Home/Blog/Llm/PagedAttention & KV-Cache Optimization: How vLLM Handles Large Scale Inference
LlmAdvancedβ€’14 min readβ€’

PagedAttention & KV-Cache Optimization: How vLLM Handles Large Scale Inference

How virtual memory paged block mapping solves GPU memory bottleneck and fragmentation in LLM inference.

Abstract Algorithms

Abstract Algorithms

Helping engineers master software engineering topics.

TLDR: Large Language Model (LLM) serving is heavily bound by GPU memory capacity due to the Key-Value (KV) cache. Traditional serving frameworks allocate contiguous memory based on maximum sequence length, leading to severe fragmentation and wasted space.
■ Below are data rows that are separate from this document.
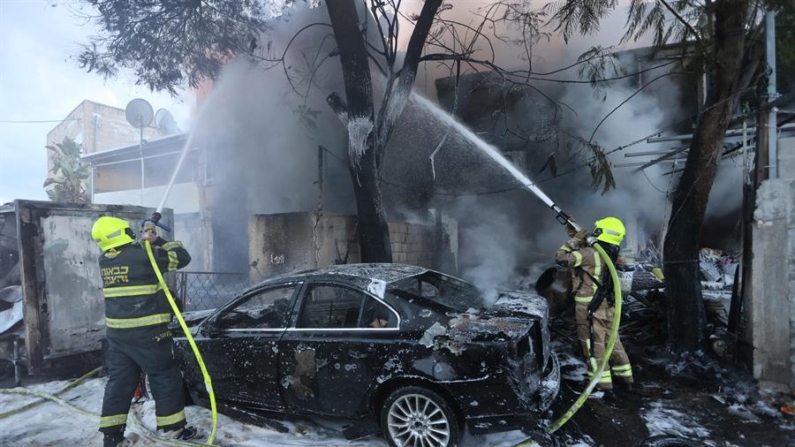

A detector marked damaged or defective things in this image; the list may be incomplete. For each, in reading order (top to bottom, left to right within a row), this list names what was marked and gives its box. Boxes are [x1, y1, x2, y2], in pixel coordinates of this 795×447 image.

burnt car [174, 264, 560, 446]
damaged black sedan [174, 264, 560, 446]
charred wreckage [174, 264, 560, 446]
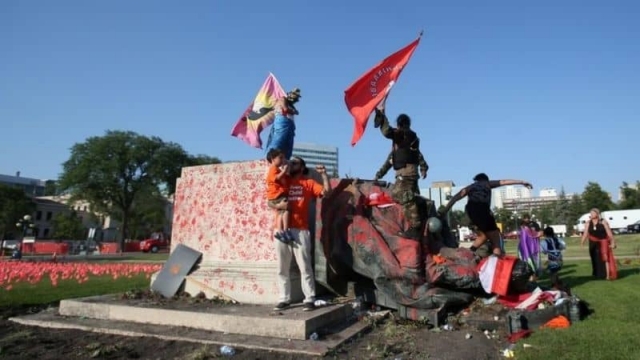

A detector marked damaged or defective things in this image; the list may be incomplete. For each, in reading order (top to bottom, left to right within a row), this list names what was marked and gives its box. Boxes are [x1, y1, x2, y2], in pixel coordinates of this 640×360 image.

broken concrete slab [8, 310, 370, 358]
broken concrete slab [58, 292, 352, 340]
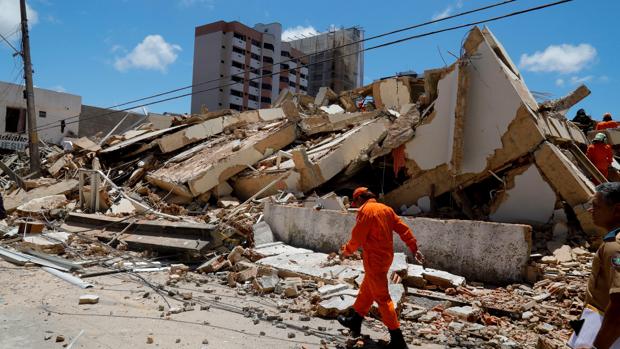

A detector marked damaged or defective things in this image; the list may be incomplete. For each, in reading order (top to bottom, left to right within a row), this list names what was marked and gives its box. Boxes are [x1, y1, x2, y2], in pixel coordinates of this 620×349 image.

broken concrete slab [148, 121, 298, 197]
broken concrete slab [264, 203, 532, 284]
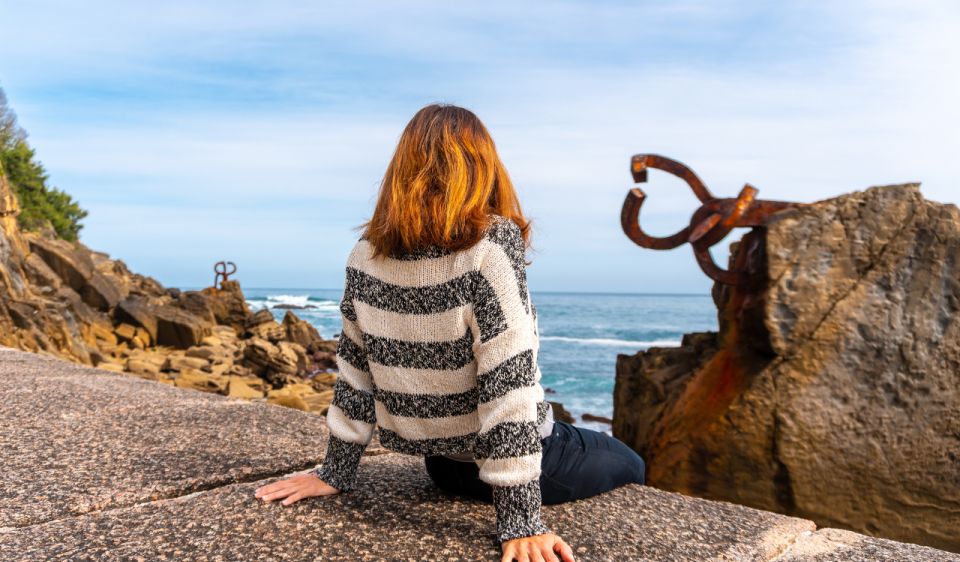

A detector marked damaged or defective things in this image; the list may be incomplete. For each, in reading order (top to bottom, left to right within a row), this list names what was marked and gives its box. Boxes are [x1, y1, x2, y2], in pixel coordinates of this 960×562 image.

rusted metal sculpture [214, 260, 238, 288]
rusty iron comb sculpture [214, 260, 238, 288]
rusted metal sculpture [624, 154, 804, 282]
rusty iron comb sculpture [624, 153, 804, 284]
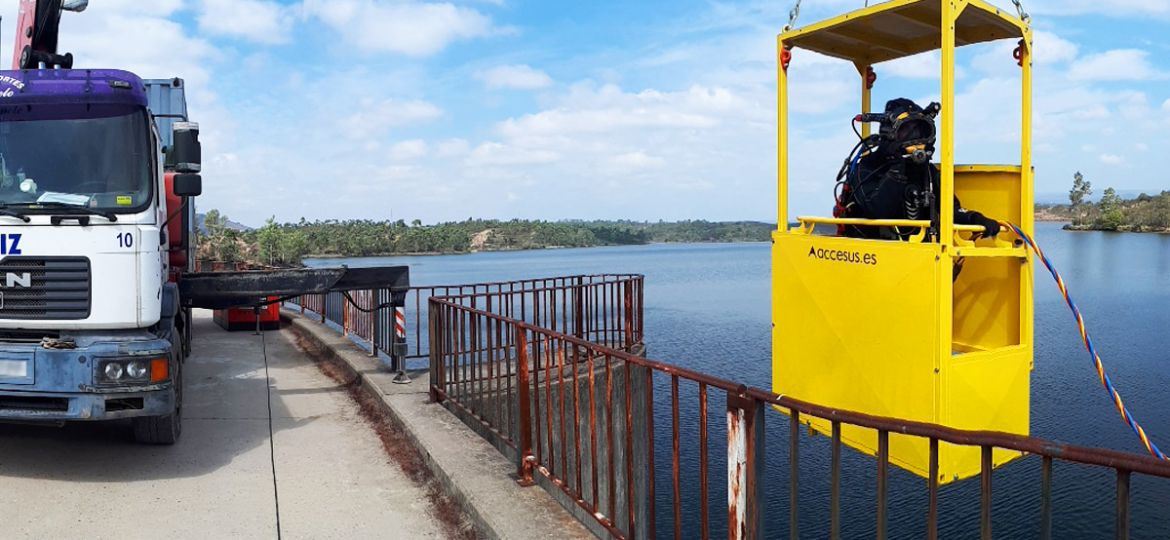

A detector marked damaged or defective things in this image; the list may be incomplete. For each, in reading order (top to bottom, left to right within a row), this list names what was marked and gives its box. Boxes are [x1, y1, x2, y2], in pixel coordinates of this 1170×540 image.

This guide explores how PagedAttention, inspired by operating system virtual memory, partitions the KV cache into small logical blocks to enable dynamic, non-contiguous allocations, prefix sharing, and massive throughput gains.


πŸ“– Concept: GPU Memory Bottlenecks in LLM Inference

When running inference on large transformer models, the primary bottleneck is not computing capability, but memory bandwidth and memory capacity. This is particularly true during the autoregressive generation phase, where the model outputs tokens one by one.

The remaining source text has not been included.